(Dataset content)

▼

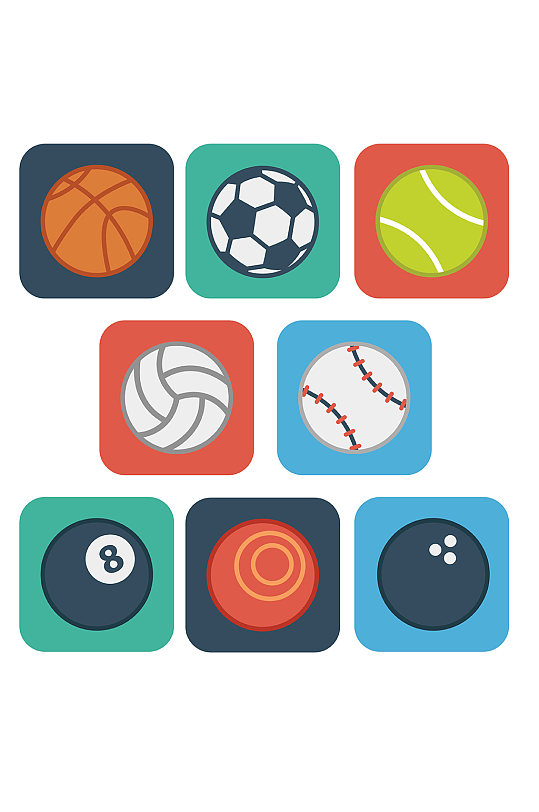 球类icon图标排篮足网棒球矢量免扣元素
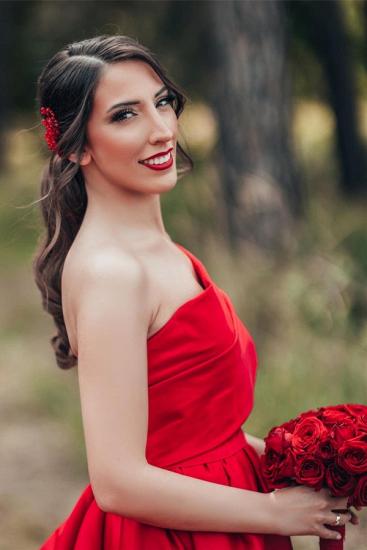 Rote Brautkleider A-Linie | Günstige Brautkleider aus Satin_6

▲
▼

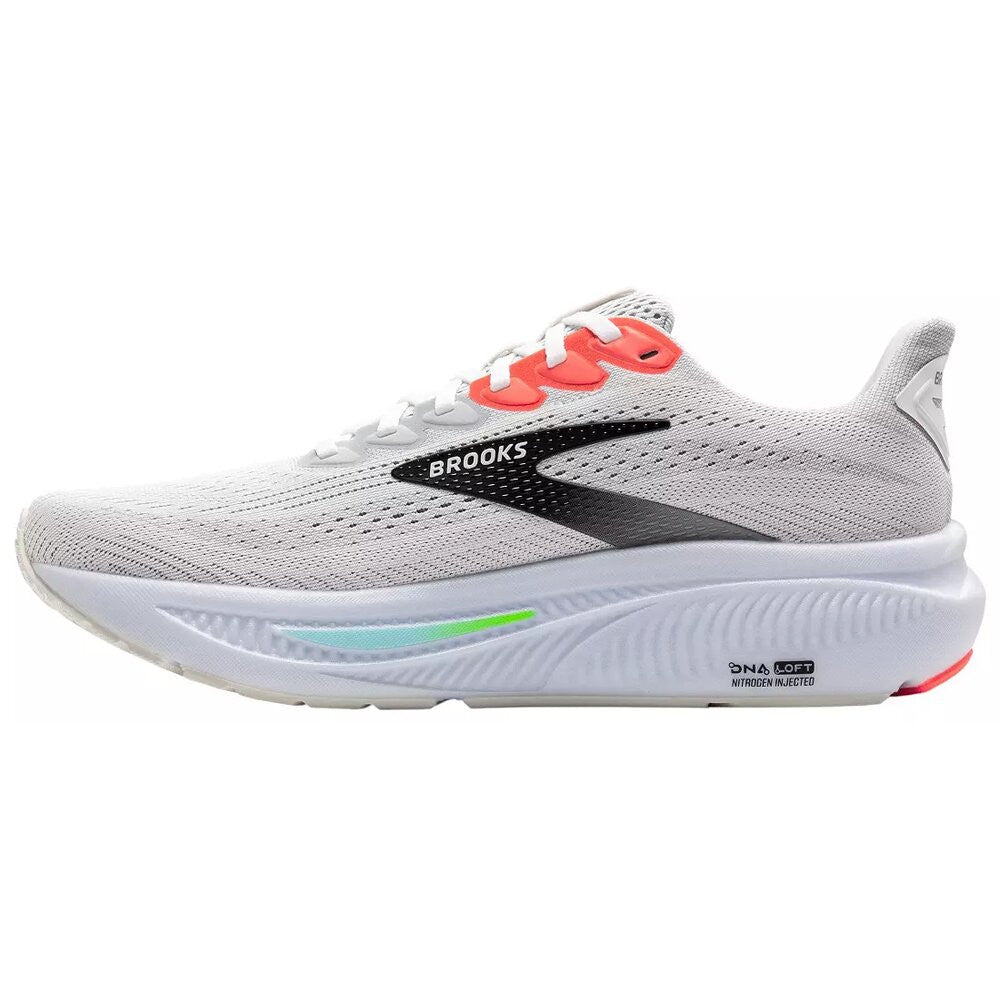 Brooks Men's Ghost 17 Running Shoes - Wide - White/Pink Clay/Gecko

▲

(Task to complete) After locating the line containing "球类icon图标排篮足网棒球矢量免扣元素" in the entries above, return it and every line after it exactly, ending at the line containing "Rote Brautkleider A-Linie", without pictures.

(Result)
 球类icon图标排篮足网棒球矢量免扣元素
 Rote Brautkleider A-Linie | Günstige Brautkleider aus Satin_6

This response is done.